*** DATA Section Begins ***
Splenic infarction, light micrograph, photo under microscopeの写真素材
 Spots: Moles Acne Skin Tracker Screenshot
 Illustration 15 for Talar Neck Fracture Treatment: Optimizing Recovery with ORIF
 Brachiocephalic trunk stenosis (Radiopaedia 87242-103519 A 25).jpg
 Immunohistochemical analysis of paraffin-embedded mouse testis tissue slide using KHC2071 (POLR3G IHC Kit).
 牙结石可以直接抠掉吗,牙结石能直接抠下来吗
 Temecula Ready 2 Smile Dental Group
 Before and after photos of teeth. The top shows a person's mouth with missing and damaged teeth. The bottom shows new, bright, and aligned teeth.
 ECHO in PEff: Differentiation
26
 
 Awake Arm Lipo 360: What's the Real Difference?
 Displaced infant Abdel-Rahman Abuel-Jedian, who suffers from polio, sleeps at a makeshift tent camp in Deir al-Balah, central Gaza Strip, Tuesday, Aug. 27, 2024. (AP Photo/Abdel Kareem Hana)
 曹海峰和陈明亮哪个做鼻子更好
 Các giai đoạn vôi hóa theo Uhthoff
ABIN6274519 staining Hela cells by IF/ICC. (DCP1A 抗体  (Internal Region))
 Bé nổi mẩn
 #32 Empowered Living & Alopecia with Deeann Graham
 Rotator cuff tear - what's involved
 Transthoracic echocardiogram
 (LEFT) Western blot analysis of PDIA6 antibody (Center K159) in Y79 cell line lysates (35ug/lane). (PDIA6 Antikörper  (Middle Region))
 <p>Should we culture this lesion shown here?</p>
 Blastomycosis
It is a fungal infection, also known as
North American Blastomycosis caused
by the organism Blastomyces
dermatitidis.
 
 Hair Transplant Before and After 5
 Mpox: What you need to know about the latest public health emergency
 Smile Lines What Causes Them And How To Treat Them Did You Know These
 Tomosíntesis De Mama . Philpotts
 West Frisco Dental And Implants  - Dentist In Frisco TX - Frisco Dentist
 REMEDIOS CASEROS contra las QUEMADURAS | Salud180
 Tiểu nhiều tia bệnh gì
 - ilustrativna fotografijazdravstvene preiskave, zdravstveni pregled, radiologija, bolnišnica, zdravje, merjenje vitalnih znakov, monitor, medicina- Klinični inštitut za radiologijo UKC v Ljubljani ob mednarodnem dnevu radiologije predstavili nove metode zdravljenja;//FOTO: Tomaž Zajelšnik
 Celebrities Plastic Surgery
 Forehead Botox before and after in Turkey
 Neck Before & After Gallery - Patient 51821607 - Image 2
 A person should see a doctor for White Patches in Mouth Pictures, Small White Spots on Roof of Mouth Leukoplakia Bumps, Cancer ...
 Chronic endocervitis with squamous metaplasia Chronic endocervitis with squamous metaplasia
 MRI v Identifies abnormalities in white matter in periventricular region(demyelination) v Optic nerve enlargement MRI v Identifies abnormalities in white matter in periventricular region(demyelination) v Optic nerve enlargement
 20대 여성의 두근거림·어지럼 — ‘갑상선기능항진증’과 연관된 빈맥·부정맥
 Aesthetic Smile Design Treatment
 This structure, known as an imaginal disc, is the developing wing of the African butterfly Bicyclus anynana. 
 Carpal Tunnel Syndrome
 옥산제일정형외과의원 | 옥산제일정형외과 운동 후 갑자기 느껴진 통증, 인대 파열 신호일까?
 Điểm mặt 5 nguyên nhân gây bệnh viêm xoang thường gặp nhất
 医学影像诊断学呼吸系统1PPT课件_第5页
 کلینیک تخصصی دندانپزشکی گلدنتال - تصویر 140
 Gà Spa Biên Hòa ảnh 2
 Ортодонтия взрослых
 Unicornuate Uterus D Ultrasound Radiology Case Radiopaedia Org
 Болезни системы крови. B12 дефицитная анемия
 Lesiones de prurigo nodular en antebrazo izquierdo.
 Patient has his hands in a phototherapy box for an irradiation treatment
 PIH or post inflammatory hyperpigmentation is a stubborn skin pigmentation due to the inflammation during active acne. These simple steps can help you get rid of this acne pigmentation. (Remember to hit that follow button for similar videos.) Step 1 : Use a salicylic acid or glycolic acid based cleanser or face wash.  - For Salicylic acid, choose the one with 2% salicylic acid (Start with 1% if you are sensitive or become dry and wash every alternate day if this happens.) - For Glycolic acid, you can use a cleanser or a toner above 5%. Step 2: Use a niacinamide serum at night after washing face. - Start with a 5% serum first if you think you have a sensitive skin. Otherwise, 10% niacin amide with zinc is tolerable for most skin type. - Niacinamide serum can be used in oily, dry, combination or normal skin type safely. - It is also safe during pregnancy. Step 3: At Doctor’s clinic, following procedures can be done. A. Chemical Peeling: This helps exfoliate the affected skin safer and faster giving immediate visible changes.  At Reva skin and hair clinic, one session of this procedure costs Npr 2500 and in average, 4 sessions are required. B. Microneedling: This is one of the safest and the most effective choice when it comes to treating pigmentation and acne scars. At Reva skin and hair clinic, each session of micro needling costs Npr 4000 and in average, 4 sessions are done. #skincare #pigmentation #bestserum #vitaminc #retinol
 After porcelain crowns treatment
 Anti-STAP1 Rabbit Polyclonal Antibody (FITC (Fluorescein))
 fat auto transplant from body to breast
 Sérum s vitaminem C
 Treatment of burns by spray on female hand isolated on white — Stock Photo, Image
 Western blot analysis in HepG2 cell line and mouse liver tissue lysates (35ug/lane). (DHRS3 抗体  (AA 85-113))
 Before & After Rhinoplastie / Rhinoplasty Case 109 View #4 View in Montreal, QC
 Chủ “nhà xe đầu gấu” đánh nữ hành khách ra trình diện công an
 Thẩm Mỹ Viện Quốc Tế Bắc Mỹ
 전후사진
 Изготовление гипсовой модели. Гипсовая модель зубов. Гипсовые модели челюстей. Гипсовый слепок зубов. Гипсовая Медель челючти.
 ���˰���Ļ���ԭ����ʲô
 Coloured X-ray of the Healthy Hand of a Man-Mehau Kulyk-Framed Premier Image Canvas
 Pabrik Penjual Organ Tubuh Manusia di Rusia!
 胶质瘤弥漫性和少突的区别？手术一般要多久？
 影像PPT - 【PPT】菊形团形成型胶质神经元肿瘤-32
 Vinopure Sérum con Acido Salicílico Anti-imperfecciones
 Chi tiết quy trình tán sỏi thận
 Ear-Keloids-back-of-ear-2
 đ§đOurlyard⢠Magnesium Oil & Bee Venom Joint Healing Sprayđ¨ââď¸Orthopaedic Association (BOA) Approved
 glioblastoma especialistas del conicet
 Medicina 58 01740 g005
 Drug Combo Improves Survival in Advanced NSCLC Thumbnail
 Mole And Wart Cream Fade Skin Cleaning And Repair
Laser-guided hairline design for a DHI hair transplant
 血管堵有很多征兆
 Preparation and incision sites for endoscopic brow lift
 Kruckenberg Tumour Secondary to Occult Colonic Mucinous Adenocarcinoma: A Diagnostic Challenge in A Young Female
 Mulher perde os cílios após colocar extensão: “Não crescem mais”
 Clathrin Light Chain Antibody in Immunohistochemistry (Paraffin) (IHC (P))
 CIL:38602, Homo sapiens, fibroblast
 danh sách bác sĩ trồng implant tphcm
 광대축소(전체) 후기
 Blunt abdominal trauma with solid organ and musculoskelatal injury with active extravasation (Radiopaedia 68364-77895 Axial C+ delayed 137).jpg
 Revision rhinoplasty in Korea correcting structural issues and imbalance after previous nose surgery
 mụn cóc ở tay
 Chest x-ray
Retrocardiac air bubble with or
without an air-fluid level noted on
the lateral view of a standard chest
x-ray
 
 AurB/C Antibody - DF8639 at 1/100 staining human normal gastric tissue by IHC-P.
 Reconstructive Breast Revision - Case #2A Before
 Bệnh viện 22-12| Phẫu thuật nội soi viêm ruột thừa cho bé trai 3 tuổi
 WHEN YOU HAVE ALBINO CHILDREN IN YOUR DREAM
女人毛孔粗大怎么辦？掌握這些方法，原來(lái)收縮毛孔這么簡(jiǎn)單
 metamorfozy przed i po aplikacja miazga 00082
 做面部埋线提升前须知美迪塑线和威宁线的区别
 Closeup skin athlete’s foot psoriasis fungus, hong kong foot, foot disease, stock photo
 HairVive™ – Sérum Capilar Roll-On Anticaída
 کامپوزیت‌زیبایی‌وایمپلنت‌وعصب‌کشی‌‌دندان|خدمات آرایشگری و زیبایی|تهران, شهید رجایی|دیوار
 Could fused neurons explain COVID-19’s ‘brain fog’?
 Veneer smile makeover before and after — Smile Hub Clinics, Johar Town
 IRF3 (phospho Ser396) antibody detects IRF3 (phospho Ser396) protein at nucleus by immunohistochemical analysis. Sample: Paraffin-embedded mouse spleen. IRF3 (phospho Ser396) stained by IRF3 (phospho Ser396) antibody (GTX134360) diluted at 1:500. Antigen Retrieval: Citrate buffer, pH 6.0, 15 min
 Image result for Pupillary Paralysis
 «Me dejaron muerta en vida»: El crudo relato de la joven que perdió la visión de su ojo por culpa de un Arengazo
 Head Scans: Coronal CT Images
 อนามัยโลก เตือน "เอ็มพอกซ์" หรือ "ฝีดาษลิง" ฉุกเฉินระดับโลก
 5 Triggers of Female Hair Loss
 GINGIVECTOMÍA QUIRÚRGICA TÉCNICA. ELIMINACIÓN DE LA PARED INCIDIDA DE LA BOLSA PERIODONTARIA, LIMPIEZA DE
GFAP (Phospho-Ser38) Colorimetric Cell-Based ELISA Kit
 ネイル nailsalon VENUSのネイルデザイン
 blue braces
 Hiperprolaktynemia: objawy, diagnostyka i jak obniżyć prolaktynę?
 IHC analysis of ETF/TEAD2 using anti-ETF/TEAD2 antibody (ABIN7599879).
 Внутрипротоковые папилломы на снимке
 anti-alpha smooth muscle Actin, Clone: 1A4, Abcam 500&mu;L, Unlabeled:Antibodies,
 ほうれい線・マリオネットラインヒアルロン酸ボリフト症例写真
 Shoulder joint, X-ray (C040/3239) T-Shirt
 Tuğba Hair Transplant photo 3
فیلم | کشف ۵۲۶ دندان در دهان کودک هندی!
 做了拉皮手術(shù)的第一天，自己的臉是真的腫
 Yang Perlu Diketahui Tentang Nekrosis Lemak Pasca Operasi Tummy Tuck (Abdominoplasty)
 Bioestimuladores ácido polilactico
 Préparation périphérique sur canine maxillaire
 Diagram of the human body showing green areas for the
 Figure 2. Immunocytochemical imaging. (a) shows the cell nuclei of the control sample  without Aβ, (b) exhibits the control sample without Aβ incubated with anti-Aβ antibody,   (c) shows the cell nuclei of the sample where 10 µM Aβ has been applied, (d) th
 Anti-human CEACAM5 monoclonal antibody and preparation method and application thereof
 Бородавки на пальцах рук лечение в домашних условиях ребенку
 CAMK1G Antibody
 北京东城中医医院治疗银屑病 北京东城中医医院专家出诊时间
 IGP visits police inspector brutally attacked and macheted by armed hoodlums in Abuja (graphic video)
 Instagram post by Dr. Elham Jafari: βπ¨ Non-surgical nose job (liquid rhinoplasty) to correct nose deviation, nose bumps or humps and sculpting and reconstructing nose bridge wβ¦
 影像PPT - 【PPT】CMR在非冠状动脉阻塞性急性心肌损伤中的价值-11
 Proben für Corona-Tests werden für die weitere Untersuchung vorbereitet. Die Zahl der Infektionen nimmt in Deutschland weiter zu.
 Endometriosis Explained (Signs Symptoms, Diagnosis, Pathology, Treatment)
*** DATA Section Ends ***
Pull out each line of the records holding the string "staining".

ABIN6274519 staining Hela cells by IF/ICC. (DCP1A 抗体  (Internal Region))
 AurB/C Antibody - DF8639 at 1/100 staining human normal gastric tissue by IHC-P.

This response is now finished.